The expected answer is the set of lines in the data below between the line holding "Callaway TA Performance" and the line holding "Immagine 7 di", inclusive, written out exactly.
**** Input for this task ****
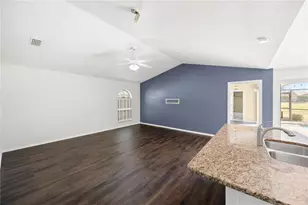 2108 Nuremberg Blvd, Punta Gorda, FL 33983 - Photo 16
****
**** Input for this task ****
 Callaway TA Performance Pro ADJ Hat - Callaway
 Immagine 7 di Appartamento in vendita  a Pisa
****
Output of the exercise:
 Callaway TA Performance Pro ADJ Hat - Callaway
 Immagine 7 di Appartamento in vendita  a Pisa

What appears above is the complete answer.